When we first launched the site, we decided to use the Gmail SMTP server for sending emails. Everything worked fine until we hit the 500 user mark, at which point we noticed that some emails were not being sent successfully. The reason: Gmail imposes a 500-emails per day limit to prevent spamming.
We decided that the best alternative strategy was to use the sendmail program which comes pre-installed on LINUX servers. We switched over to sendmail (a single line modification in Rails) and everything seemed to be fine. We tested the system by sending a few emails to our test accounts; no problems.
A day later, I noticed that the number of people joining our site seemed to decrease, but I attributed this to a natural fluctuation in early users. However, after a while I noticed that some people just weren't getting emails that the system sent to them. After some debugging, we finally got a big clue; all the people who had recently joined our site had a Gmail account!
It turns out that we didn't have the more modern "postfix" sendmail utility and the one that was installed didn't process DNS correctly. The result was that Gmail accepted our emails and other systems rejected them. Sure enough, I found that around 100 people who had recently tried to join had never received their activation codes. Oops!
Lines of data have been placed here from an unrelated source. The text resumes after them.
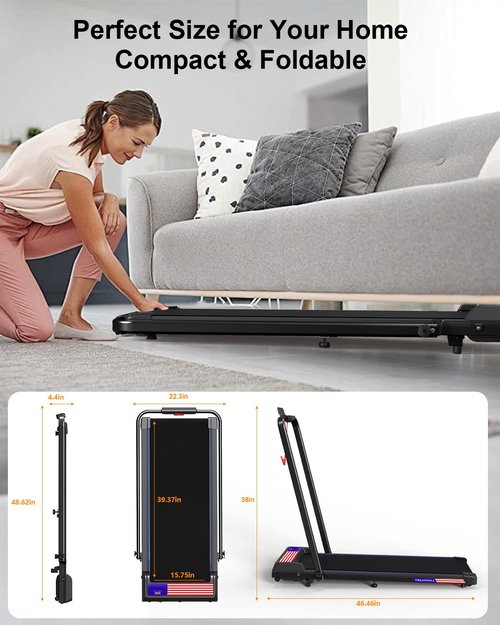 Treadmill Under Desk Walking Pad,2 in 1 Folding Treadmill for Home/Office with Remote Control and APP，Flag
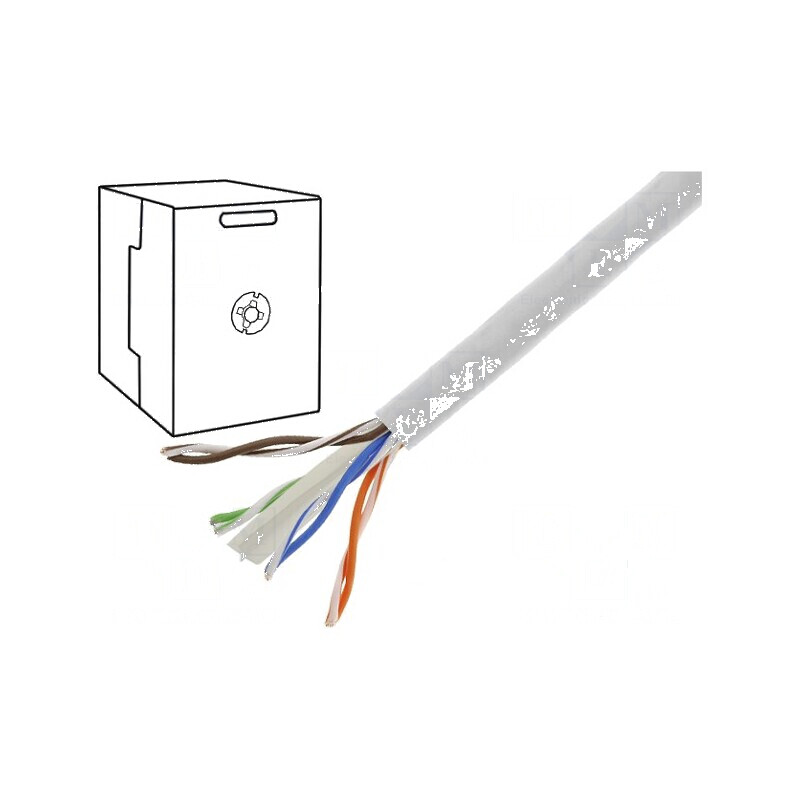 Cablu U/UTP 4x2x0,57mm 6 sârma CCA PVC gri 305m Ø6mm - Cablu rețea de calitate pentru conexiuni stabile | Electronic-mag.ro | Co Cablu U/UTP 4x2x0,57mm 6 sârma CCA PVC gri 305m Ø6mm - Cablu rețea de calitate pentru conexiuni stabile | Electronic-mag.ro | Co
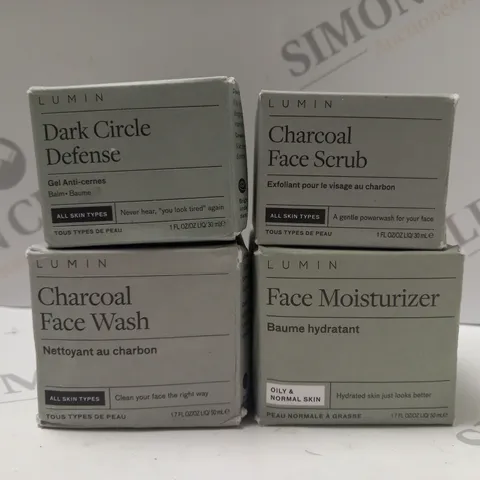 BOX OF 4 ASSORTED LUMIN PRODUCTS TO INCLUDE DARK CIRCLE DEFENSE, CHARCOAL FACE WASH, CHARCOAL FACE SCRUB, FACE MOISTURIZER 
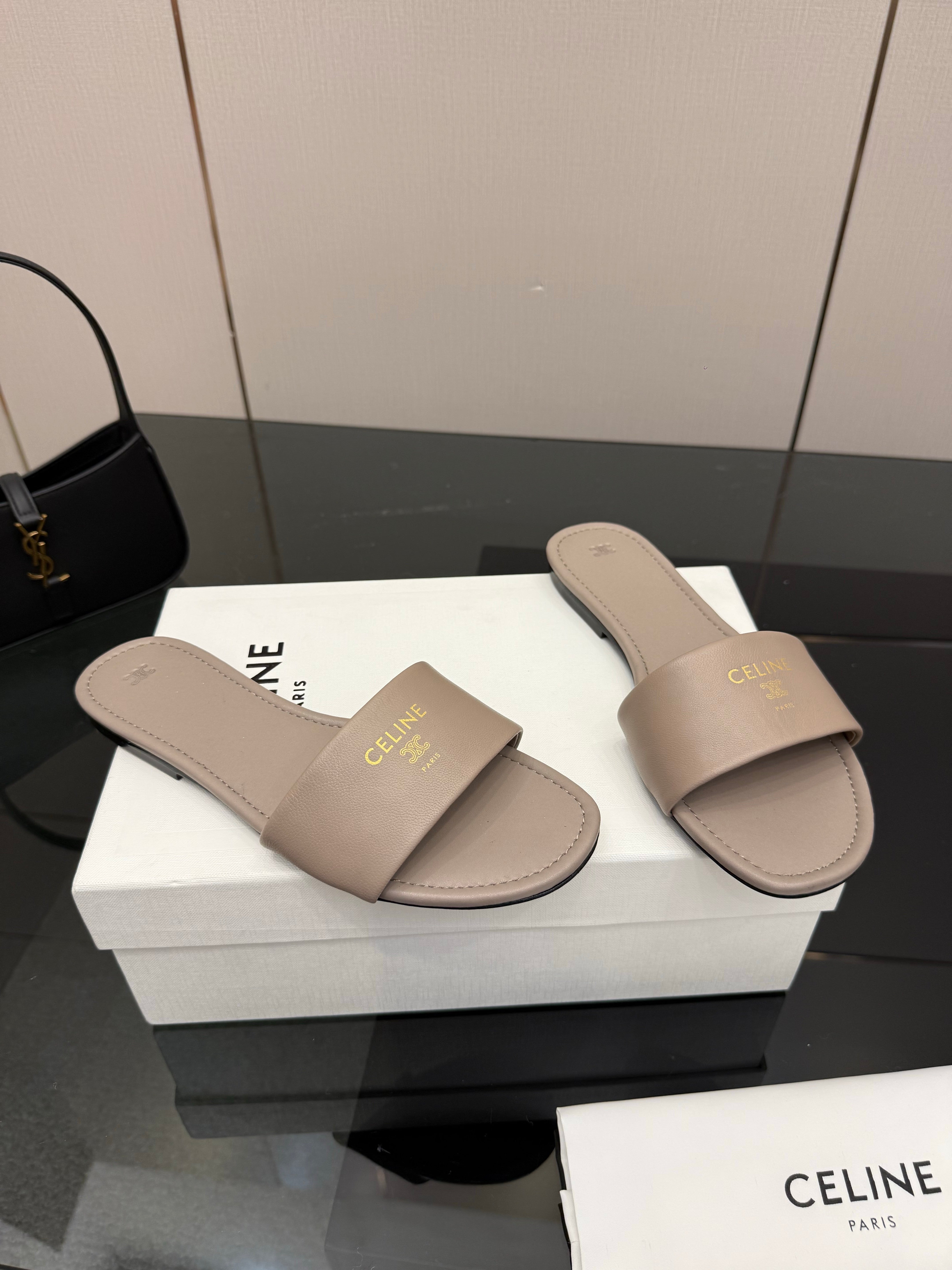 Celine Coast Mule Taupe Calfskin 725655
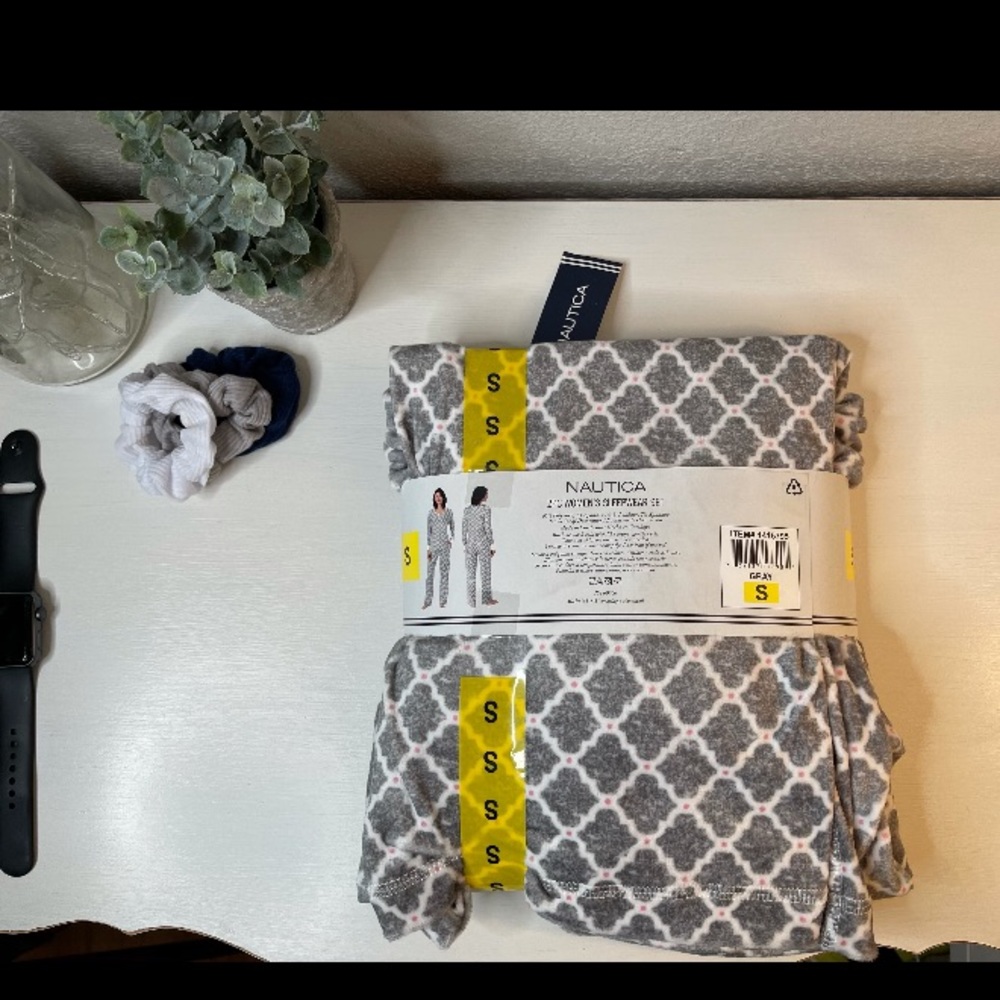 Grey, White, With Little Pink, Pajama Set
The good news is that we found the bug and switched over to the new system. We'll do some more testing with accounts that aren't on Gmail (Yahoo, AOL, HotMail at the minimum) and send apology emails to the people who recently tried to join. The other bit of good news is that our user base has actually been expanding, although it wasn't showing up due to the email issue.
It's good to get these kinds of issues straighted out early. I wonder how many more of them are lurking?